The Face of Another ★★★★½

Film #52 that was recommended to me -- feel free to add to the list! (Recommended by Mitchell Beaupre)

Following Seconds, I watched another film from the same year that explores taking on another identity. I've read two Kōbō Abe books, whose work this is based on: Woman in the Dunes (which has a film adaptation I really need to go watch) and The Box Man. While I haven't read The Face of Another, this movie is dense and confusing, so I have to imagine it's a good Abe adaptation, haha. The Box Man especially made me feel like an illiterate fool while I read it, but I digress...

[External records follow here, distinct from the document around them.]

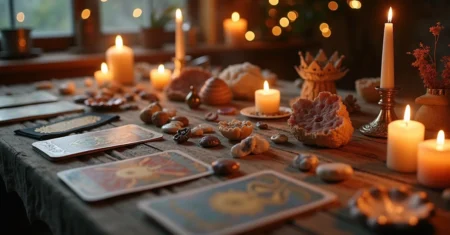 Como Integrar Oráculos nas Festas de Aniversário e Rituais de Passagem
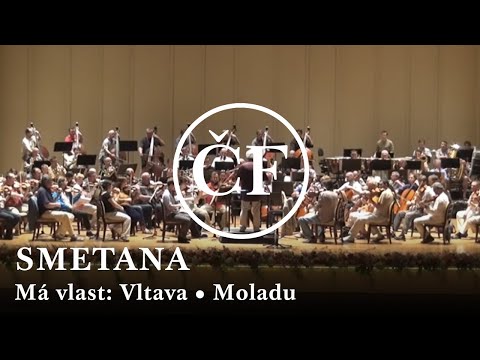 B. Smetana: Vltava (Má vlast / My Country) | Czech Philharmonic, Jiří Bělohlávek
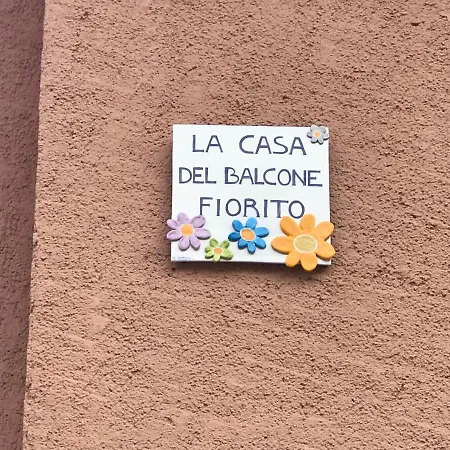 Apartamento Casa Del Balcone Fiorito Cormòns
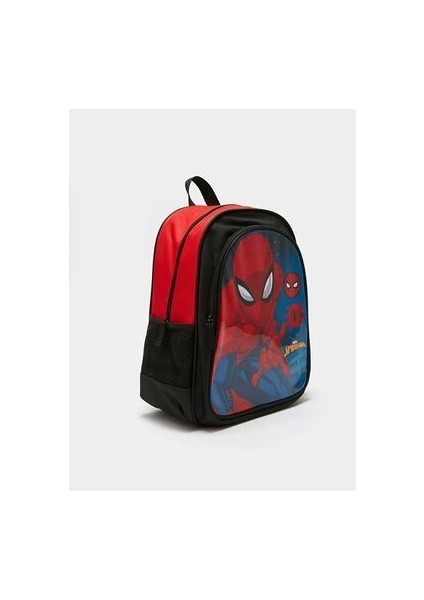 Lcw Accessorıes Karışık Baskılı Spiderman Baskılı Erkek Çocuk Okul Çantası fiyatları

In this film, a man's entire face is disfigured in an accident, stripping him of much of his identity. As an "experiment" he has a psychiatrist design a mask so perfect that it is indistinguishable from a real face. It's the sort of movie full of philosophical monologues on different personas people hold within them and questions of individuality and identity. The mask "takes over" as he feels unbound from being who he once was. Without a stable sense of self, a person ceases to really exist... maybe. Everything about the movie is haunting: set design doesn't quite feel real, the sound drops out, even reality itself is sometimes intruded upon (I LOVE the shot of an open door with a separate video feed playing inside of it). Sometimes scenes repeat from the perspective of this new(?) man. There is a whole second plot with different characters, possibly as part of a story being told, but it's fractured throughout much of the film, intruding on moments of action. It's wild. Despite the way the dialog might feel on-the-nose, the movie gives me the impression that it's digging deeper in more directions than just what the characters say, and they're presented as so manic and deranged that I'm hesitant to take their words at face (heh) value.

It's an interesting thought experiment for sure. There's a whole part of our brains specifically for recognizing faces. They are what we use to identify others far above anything else. I have to imagine living with prosopagnosia is difficult. As much as I enjoyed Seconds, I think this is even more my style.